• [What you should do]
Would you output the lines from the one containing "Keanu Reeves’li John" through the final line of the entries, exactly and with pictures omitted?

** Recorded information follows **

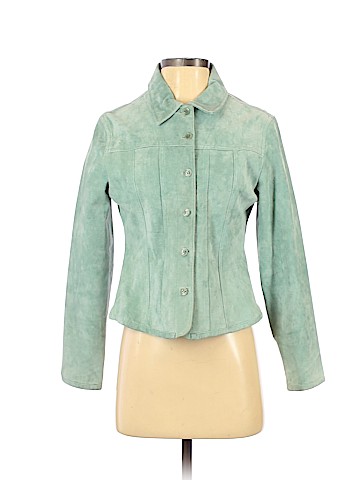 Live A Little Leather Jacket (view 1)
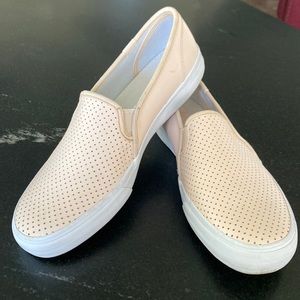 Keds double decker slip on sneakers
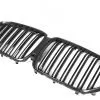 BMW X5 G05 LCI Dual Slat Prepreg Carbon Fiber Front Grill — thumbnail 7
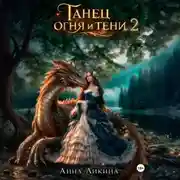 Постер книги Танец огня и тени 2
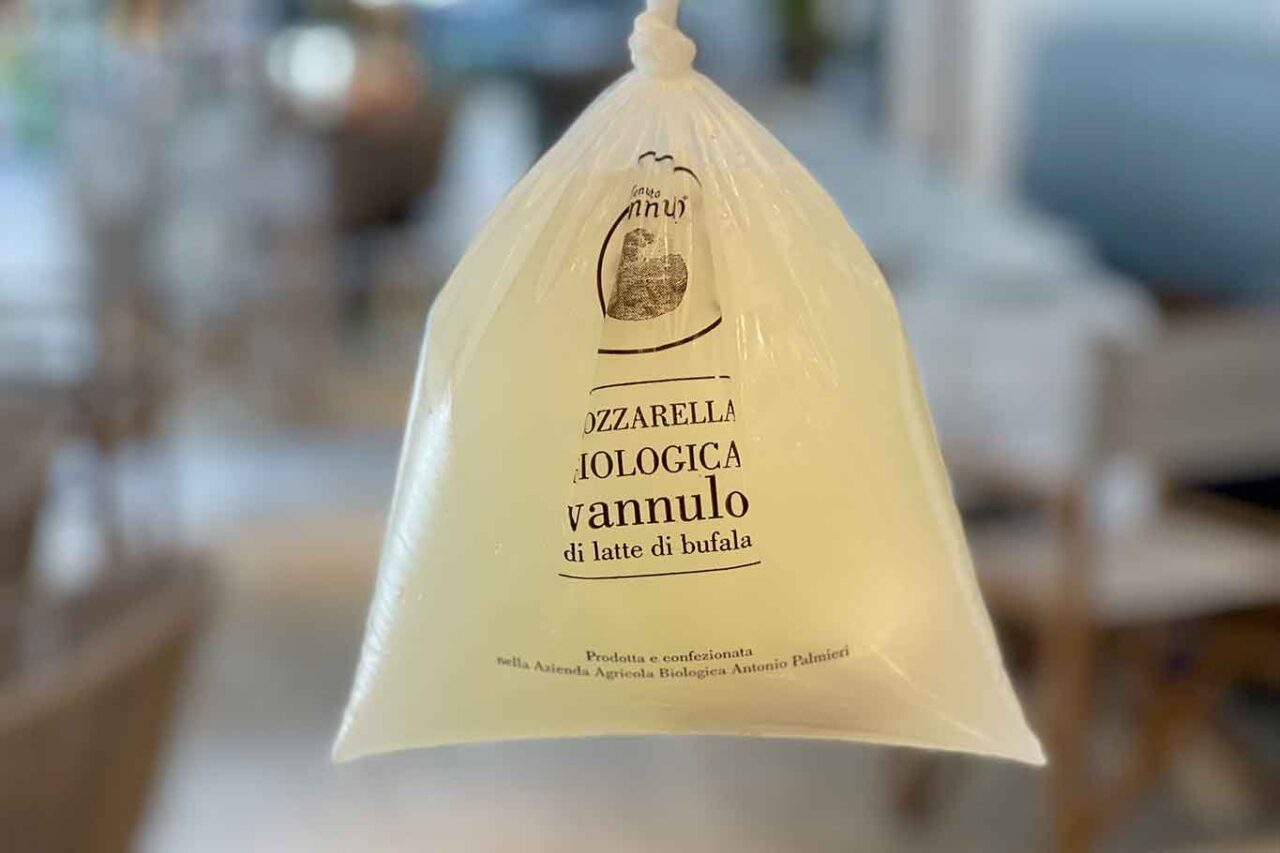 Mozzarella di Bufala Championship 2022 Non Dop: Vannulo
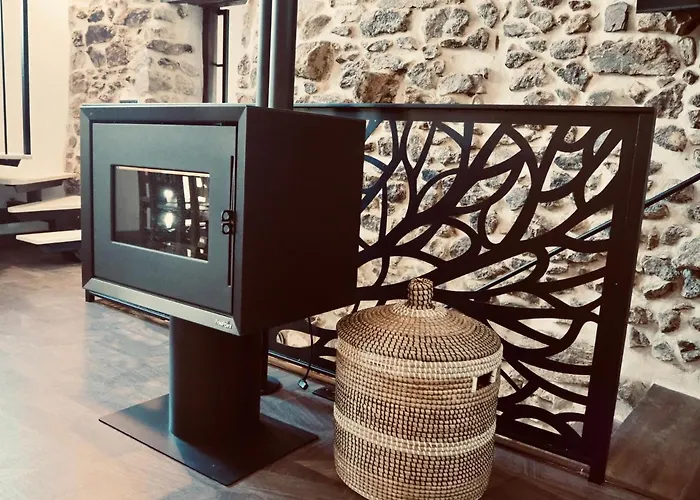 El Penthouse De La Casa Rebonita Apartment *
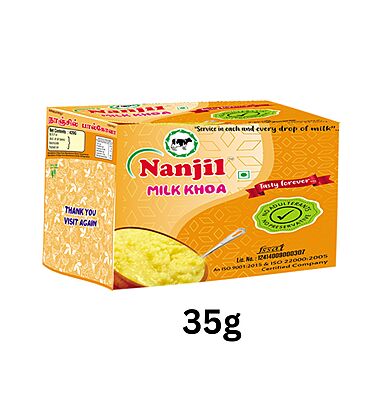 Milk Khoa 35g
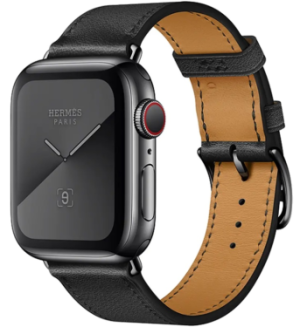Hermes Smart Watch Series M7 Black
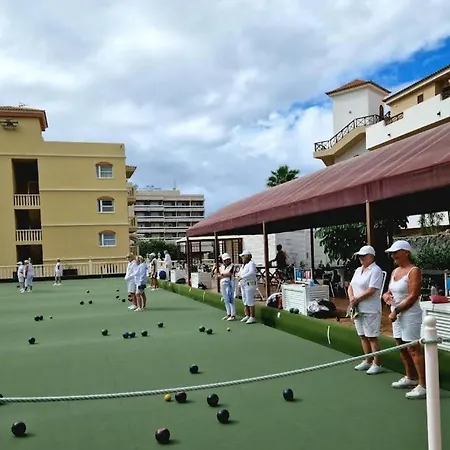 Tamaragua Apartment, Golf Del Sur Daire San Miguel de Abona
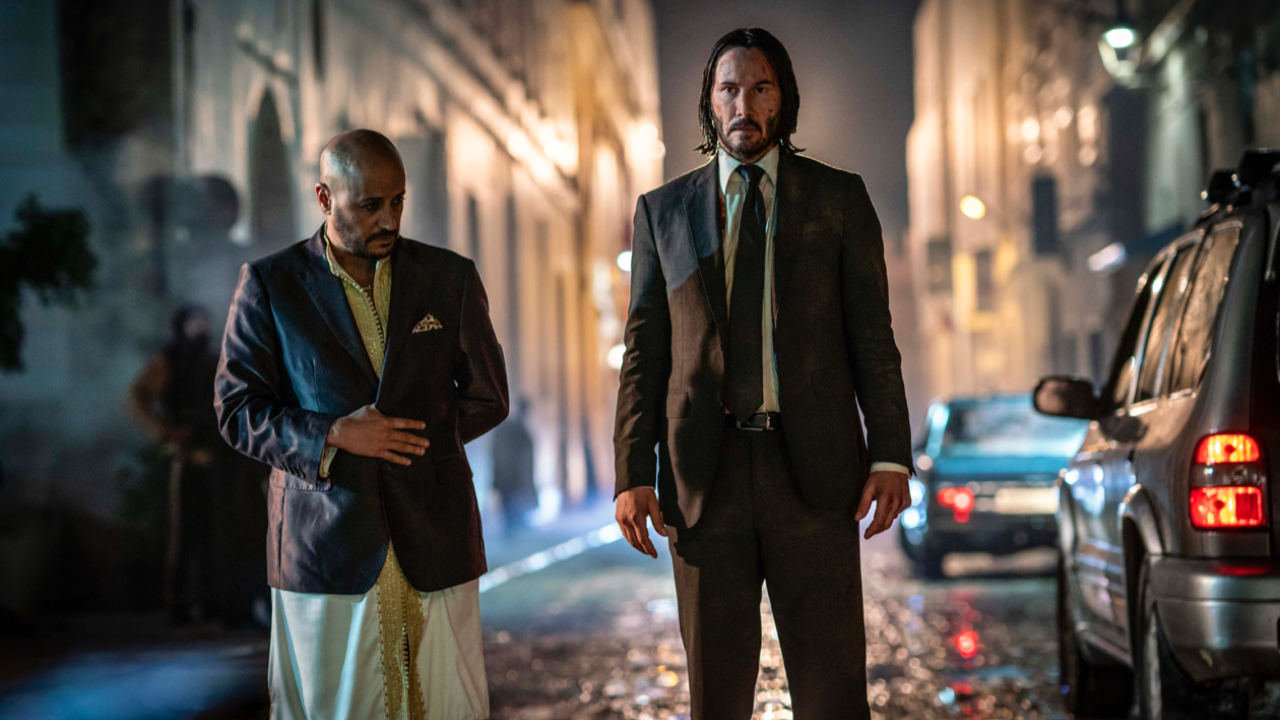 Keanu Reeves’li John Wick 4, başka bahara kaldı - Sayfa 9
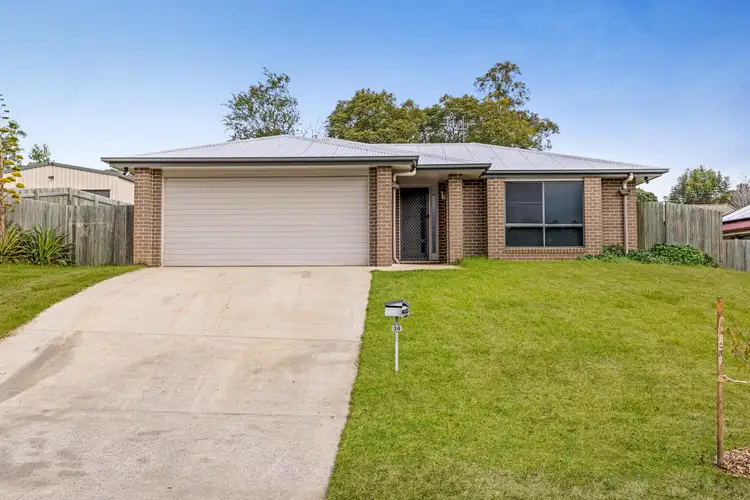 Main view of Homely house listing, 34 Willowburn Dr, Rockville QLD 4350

** End of Recorded information **

• [Exercise output]
 Keanu Reeves’li John Wick 4, başka bahara kaldı - Sayfa 9
 Main view of Homely house listing, 34 Willowburn Dr, Rockville QLD 4350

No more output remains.